Our horrible healthcare system

That song, “numb little bug”, is like the theme song. It’s what they want us all to be singing…

Our healthcare system has failed me, more times than I can count. Our justice system has failed me, as well, more than once. However, today-the healthcare system needs to be talked about. I don’t even think they know how bad they are. I know I’m not the only one, so come on!!? Why does this kind of sh?! still happen??

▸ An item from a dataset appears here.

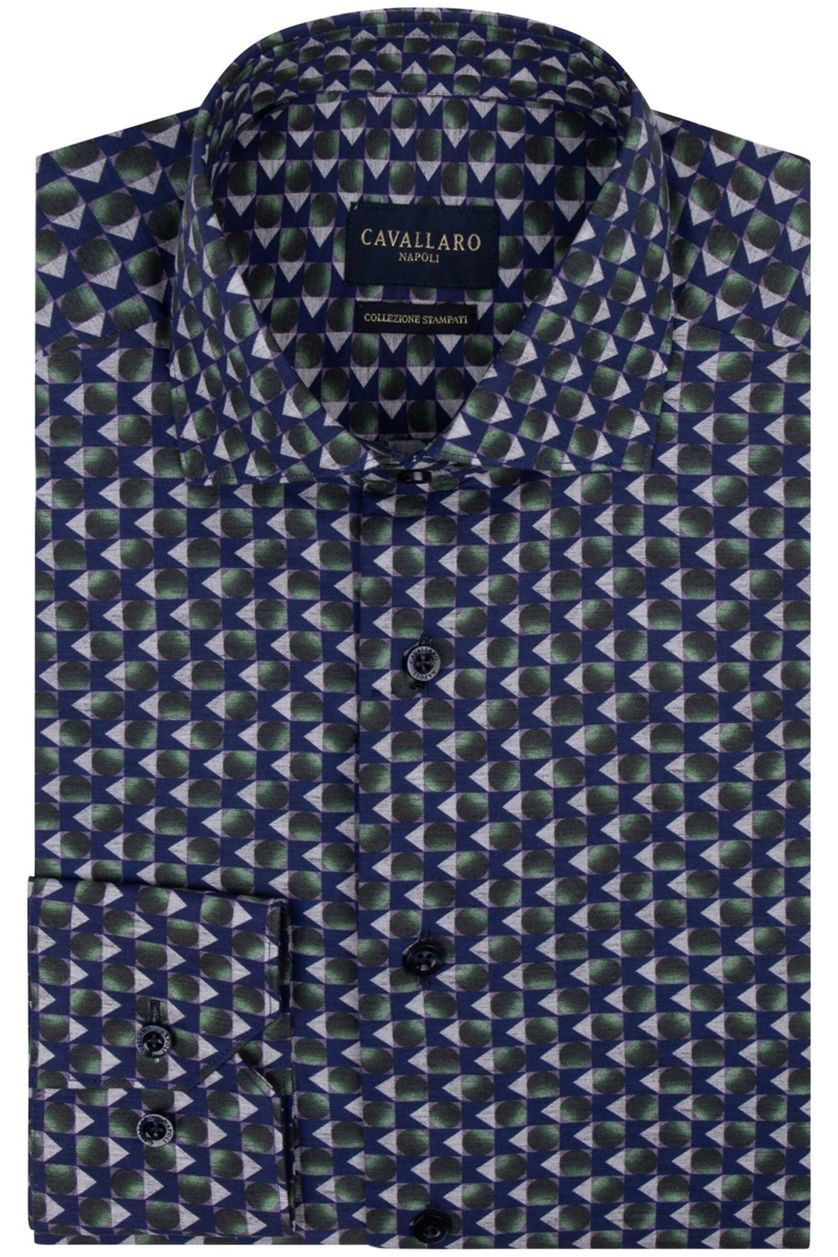 Cavallaro business overhemd Cesario slim fit donkerblauw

Later on, sometime soon.. I’m going to post about what happened to me this week. Why I felt targeted. It’s ridiculous, nonsense even. But it was able to ruin my entire day.

F. MomB
F. MomB

Heyy there, I’m FmomBiee! F – Mom-Biie … ya know? Like, Fbomb MomBie [ f bomb mom – zombie mom, it all just fits] pronounced – EFF-MOMB. – EE – my pen name, but I can be whoever you want me to be;]
Phew, now that that’s out of the way, I wanted to tell you a little bit about myself. As you know, I’m a mom , one who cusses a lot, a mom that can sometimes be compared to a zombie, a mom who cannot stand to get my fingernails dirty in the garden, or even in the kitchen even though those are 2 of my favorite places! Personally, I’m not very creative, so I like to stick to the step-by-step guides for most arts and crafts, and as far as DIY-ing?? pppffttt- Those thing’s never come out the way they are supposed to!! I am not filtered in public and I sure won’t be here on the wide world of webbed lies ;] -That’s just it though, we’re here to make , bring change, to bring Truth. In just a couple of clicks, The World Wide Web is right at the fingertips of our children. They ask Siri or Google a question, and it is instantly met with hundreds of thousands of “results” or, answers. Right ones, wrong ones, irrelevant ones, inappropriate ones, completely unrelated ones, the list goes on. We hope that we can be right there too, at the top of the results, (and not one of the top 4 useless ads), with the best, most accurate information.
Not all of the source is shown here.